The Canadian grape and wine industry has grown by more than 70 per cent to $11.57 billion from 2011 to 2019, while in Ontario wine sales alone exceed $2.2 billion. A report from Deloitte, commissioned by Ontario Craft Wineries, Tourism Partnership of Niagara and Wine Growers Ontario, found the Niagara “cluster” has the potential of adding another $8 billion to the national gross domestic product over the next 25 years, with the wine industry leading the way.
Paszkowski said a report commissioned by Wine Growers Canada from Sonoma State University found that a onedollar investment into the wine sector reaps a return of $6.20. It means the $177-million federal government funding will inject about $1 billion over three years into the Canadian economy. “That is phenomenal,” he said. Chris Bittle, Liberal MP for St.
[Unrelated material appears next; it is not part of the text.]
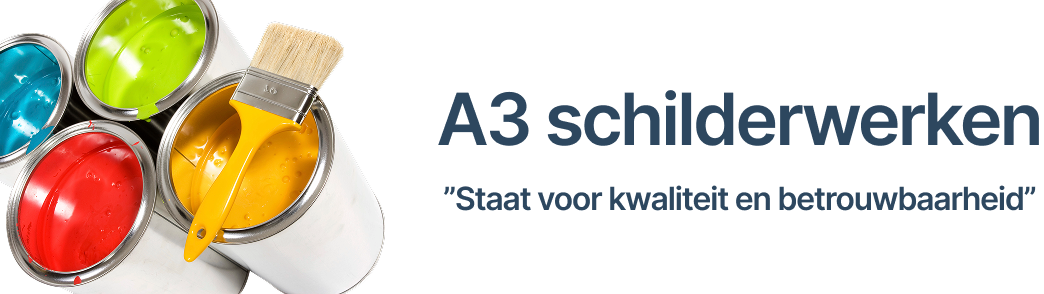 Vier open verfblikken in rood, blauw, groen en geel met een kwast, naast de tekst “A3 schilderwerken – Staat voor kwaliteit en betrouwbaarheid”.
Catharines, said Niagara’s wine sector “is driving our economy” with its “good-paying, union jobs.”
“It has changed the face of our tourism industry,” he said.
But the Canadian wine sector is also feeling the effects of climate change. Ontario vineyards saw crop losses of 50 per cent because of wild temperature swings in 2023, with some wineries experiencing an output drop of 75 per cent.
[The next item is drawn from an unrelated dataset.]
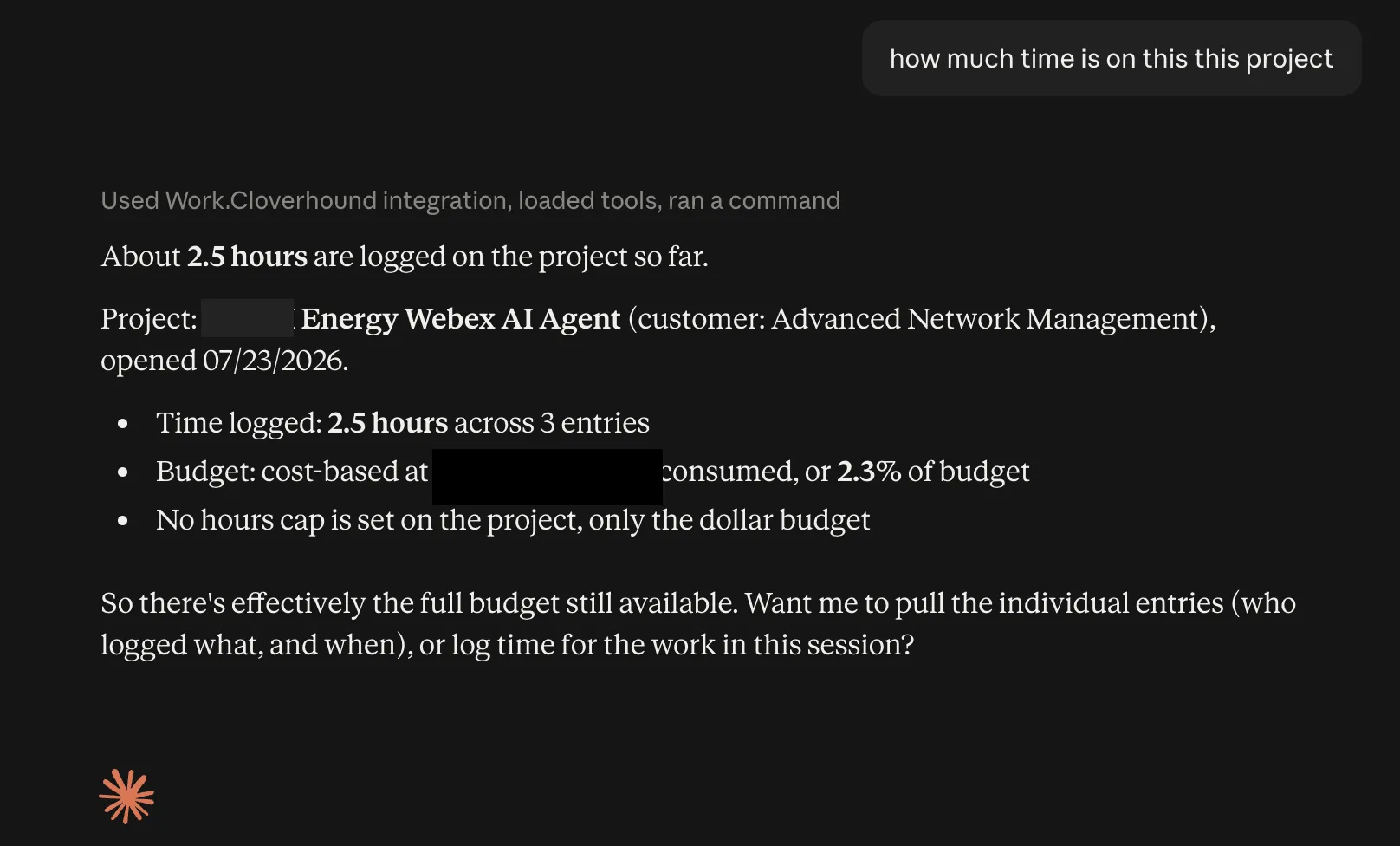 Claude answering a question about a project: hours logged, the number of entries, and how much of the budget is consumed.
In British Columbia, some wineries lost as much as 40 per cent of their crop yields due to extreme heat in 2021, while a recent mid-January cold snap projected wine grapes and production to be about 97 to 99 per cent lower than usual in 2024, hitting the province’s wine sector by as much as $445 million.
MacAulay referenced the potential wine disaster in British Columbia several times during his announcement, saying the support program will provide some assistance.
“They are not out of it totally,” he said. “Now they have to replace (the vines). (The funding) won’t make you rich, but it will help.”